- Assigned task
Lines from the one containing "В Ленинском районе" through the last line of the data are to be returned exactly, both ends included, minus any pictures.
::: Data to process
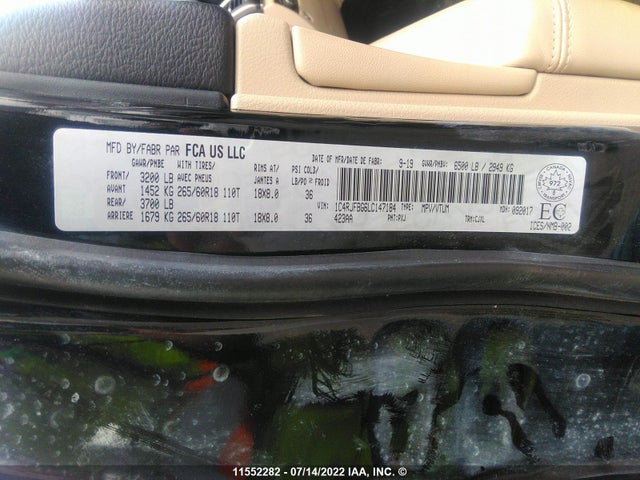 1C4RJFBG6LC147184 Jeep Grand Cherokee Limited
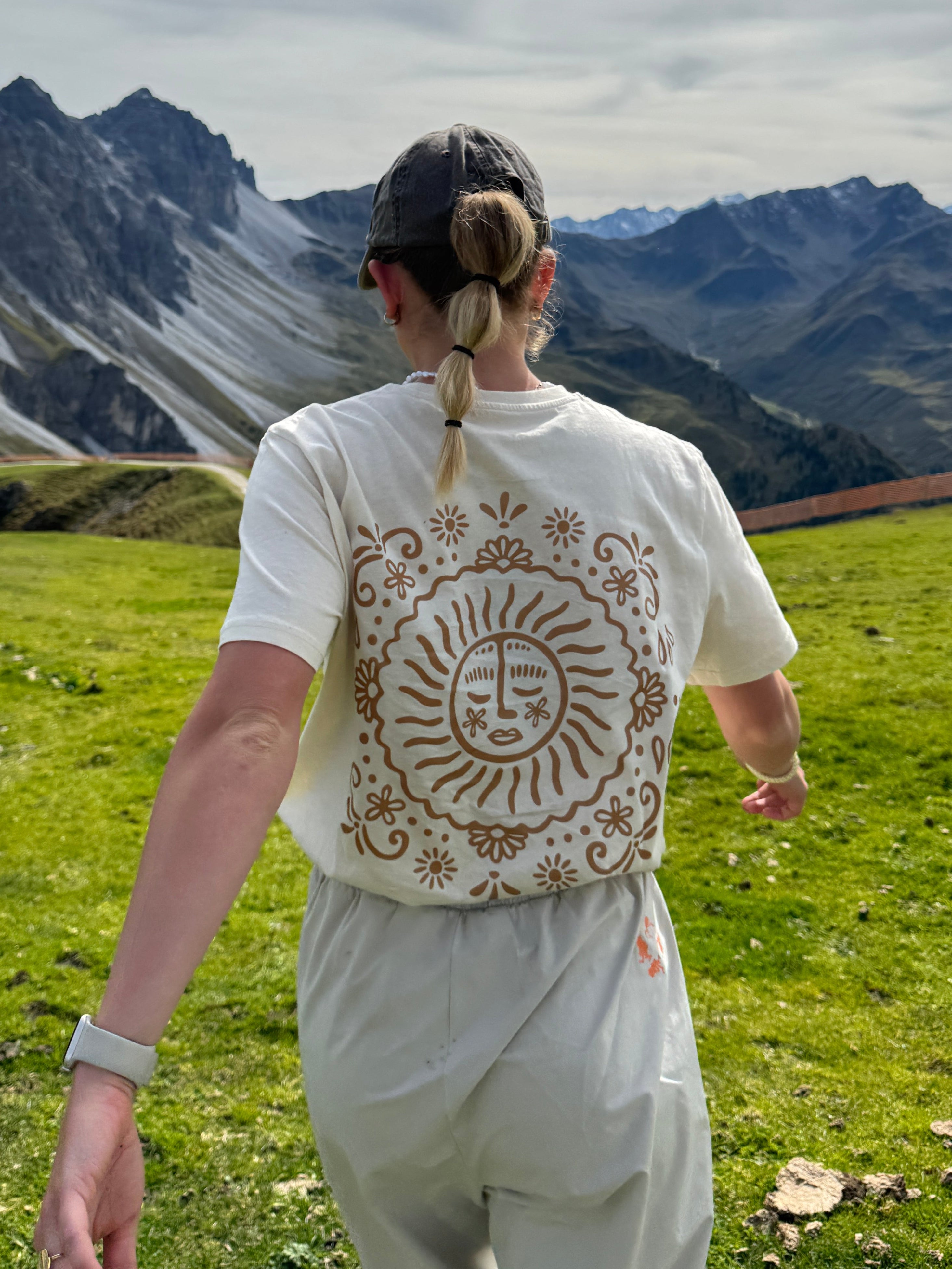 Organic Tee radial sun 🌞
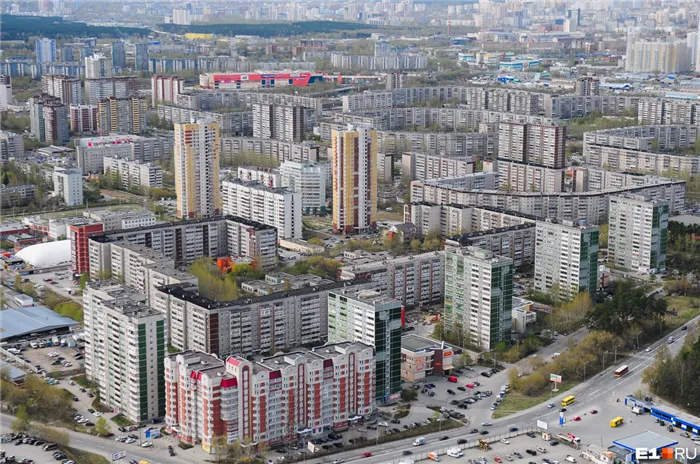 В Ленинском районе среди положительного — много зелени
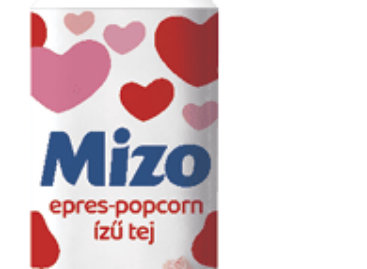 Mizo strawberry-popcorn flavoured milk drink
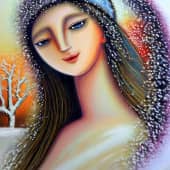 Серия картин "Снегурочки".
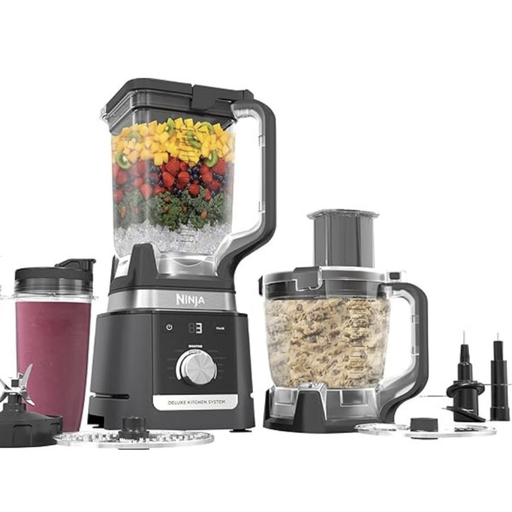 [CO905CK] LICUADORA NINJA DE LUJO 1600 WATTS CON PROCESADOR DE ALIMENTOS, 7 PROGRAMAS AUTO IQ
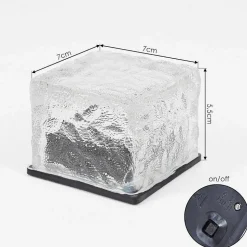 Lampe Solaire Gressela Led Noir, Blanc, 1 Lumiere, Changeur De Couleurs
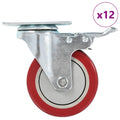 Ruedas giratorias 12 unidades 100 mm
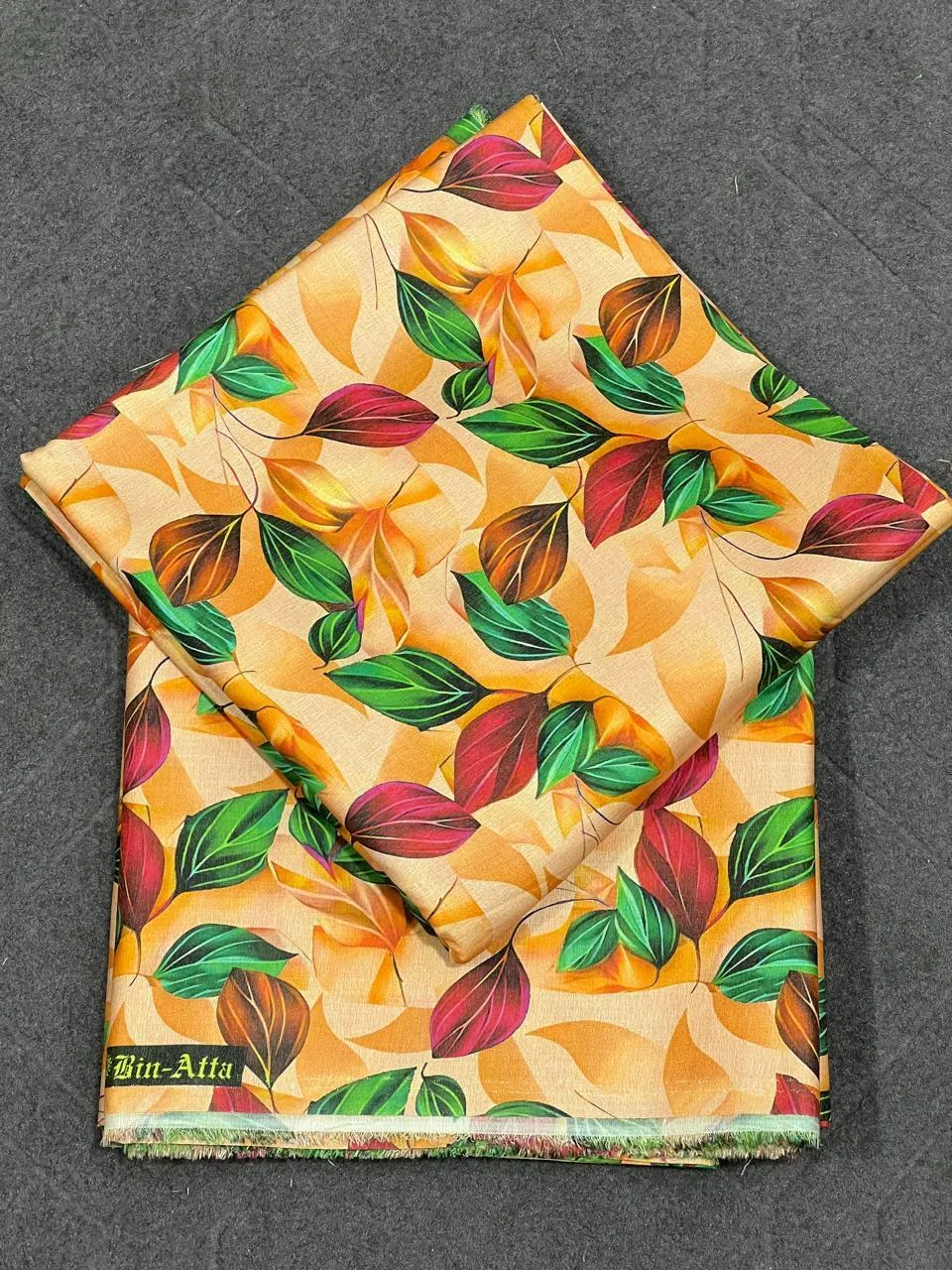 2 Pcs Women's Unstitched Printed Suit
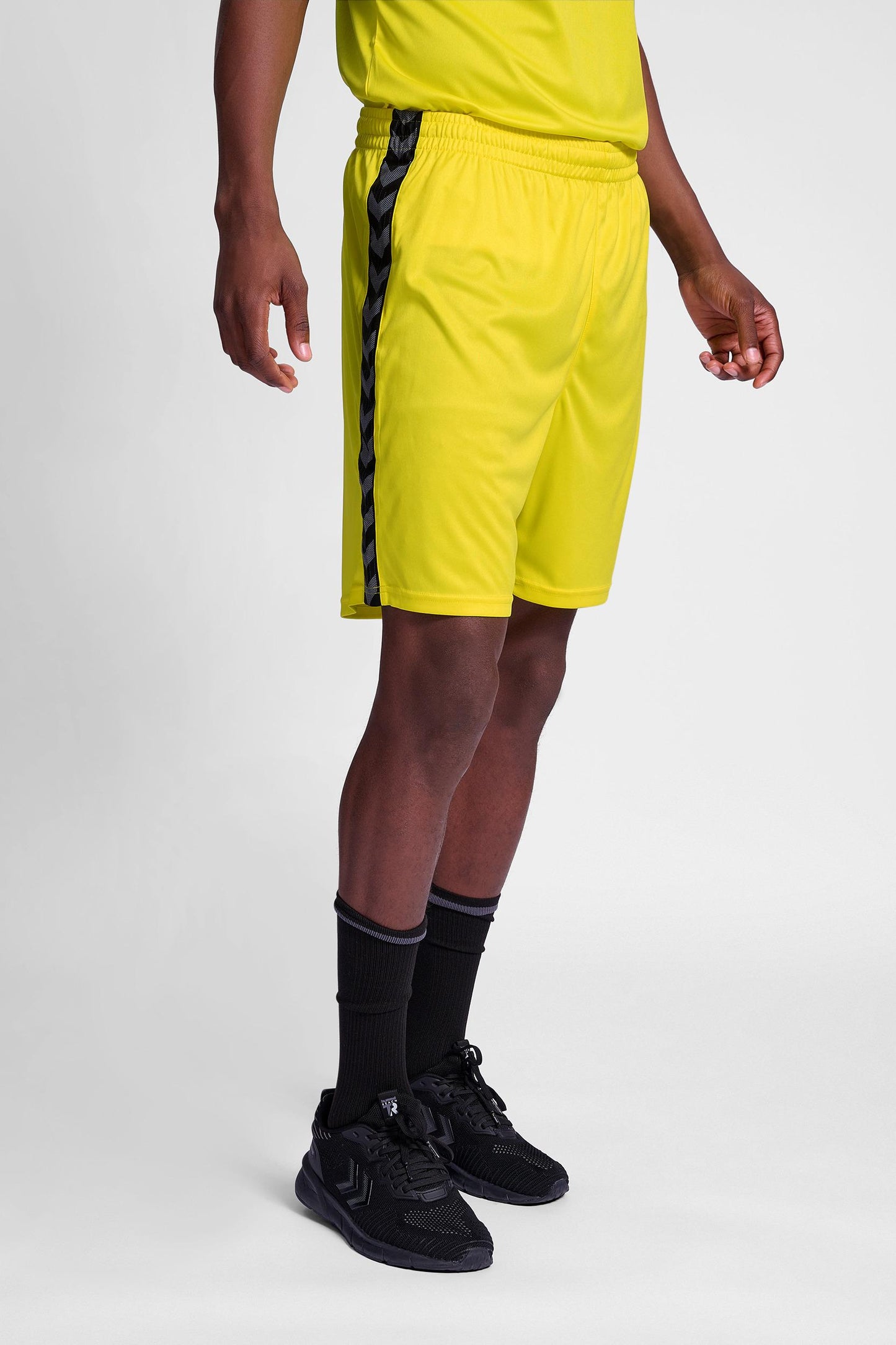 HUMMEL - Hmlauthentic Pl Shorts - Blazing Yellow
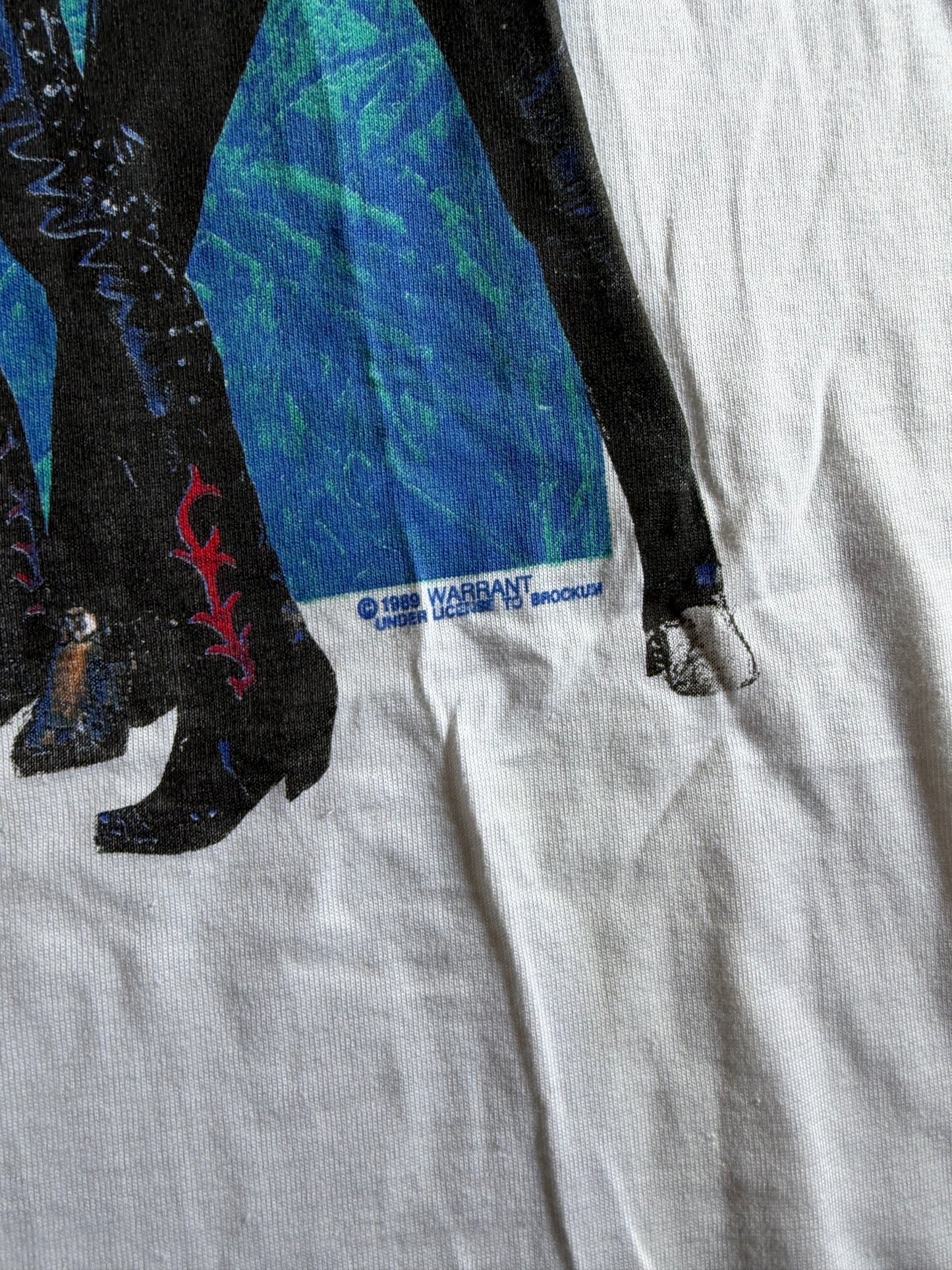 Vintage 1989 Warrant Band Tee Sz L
::::::
- Reply
 В Ленинском районе среди положительного — много зелени
 Mizo strawberry-popcorn flavoured milk drink
 Серия картин "Снегурочки".
 [CO905CK] LICUADORA NINJA DE LUJO 1600 WATTS CON PROCESADOR DE ALIMENTOS, 7 PROGRAMAS AUTO IQ
 Lampe Solaire Gressela Led Noir, Blanc, 1 Lumiere, Changeur De Couleurs
 Ruedas giratorias 12 unidades 100 mm
 2 Pcs Women's Unstitched Printed Suit
 HUMMEL - Hmlauthentic Pl Shorts - Blazing Yellow
 Vintage 1989 Warrant Band Tee Sz L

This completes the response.